Telemetry Data Could Show Gulfstream G650 Crash Cause

As the investigation continues into the fatal crash of a Gulfstream G650 during a test flight on April 2, the NTSB has said it might be more than a year before the cause of the accident is determined. However, Tom Latson, the NTSB investigator in charge of the accident, confirmed with AIN that the flight-test G650 involved in the crash, S/N 6002, was equipped with a telemetry data downlink. This could provide investigators with a trove of additional clues, above and beyond those from the twinjet’s CVR and FDR, though the NTSB declined to reveal what telemetry data it has in hand.
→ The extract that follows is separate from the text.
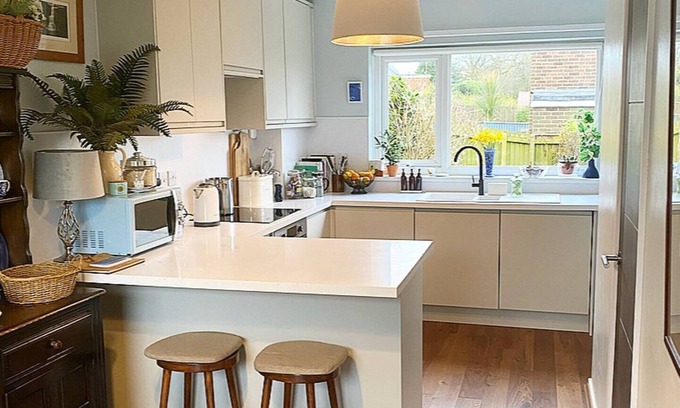 Durham House | Pass the Keys | Large homely house with parking!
Latson did say that the Board will be conducting an “extremely thorough investigation.” Aside from Gulfstream, other parties to the investigation include the FAA, Parker Aerospace (manufacturer of the aircraft’s fly-by-wire flight control system), Rolls-Royce and the German Accident Investigation Bureau (the 16,100-pound-thrust BR725A1-12 engines on the aircraft were manufactured in Germany). Financial analysts expect to get more details about how the crash will affect the G650’s planned late-2011 certification, and a sense of when flight-testing will resume, during Gulfstream parent company General Dynamics’s first-quarter investor call on Wednesday.